Golob said that while the transition into the academy was difficult, he felt supported by his peers.

“The three-week indoc[trination] to the navy was for sure a culture shock coming from Harvard-Westlake,” Golob said.

To be eligible for the USAFA, students must be between 17 and 23 years old. They must also be unmarried US citizens. There is a pre-candidate questionnaire, which opens to applicants March 1 of their junior year.

Students also must be nominated by a legally authorized entity in one of the following categories: congressional, vice presidential, military affiliated, U.S. Territory or international. Students are encouraged to request a nomination from both their U.S. Senator and their U.S. Representative and must be legal residents of the state from which they seek recommendation. Without an official nomination, the student cannot be accepted or considered for the Academy.

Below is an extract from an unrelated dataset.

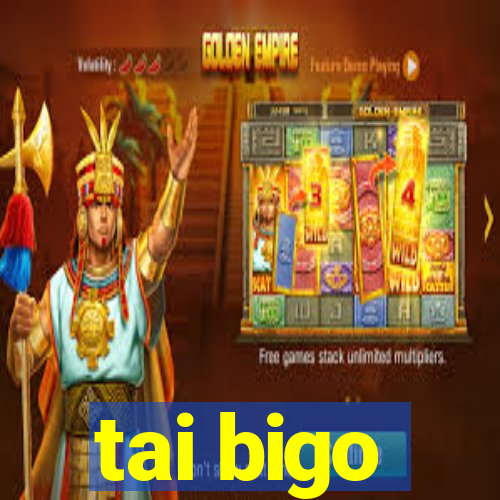 tai bigo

The Academy also examines the students’ academic performance, extracurricular activities and character. The character assessment entails an interview, a teacher evaluation, a personal statement and a drug and alcohol abuse certificate. There is also a fitness assessment, which tests the applicant’s ability to throw a basketball, do pull-ups, shuttle run, do crunches/sit-ups, do push-ups and run one mile. There are minimum performance levels that must be met for each of these activities, which can be found on the Academy’s official website.

Similarly, at the Naval Preparatory Academy School, students must first complete a preliminary application prior to being considered an official applicant. They then receive an official nomination and complete a second official candidate status application. Fitness and character assessments are also required.

Dean coordinator and Summer School Coordinator Camille da Santos said that the deans encourage students to apply to schools focused on preparation for the Army, Navy and Air Force if they desire a more rigid and rigorous curriculums than many other schools offer.

“The days are extremely rewarding, and at the end of the day, I go to bed knowing that I got better in some aspect of life,” Golob said. “I love that.”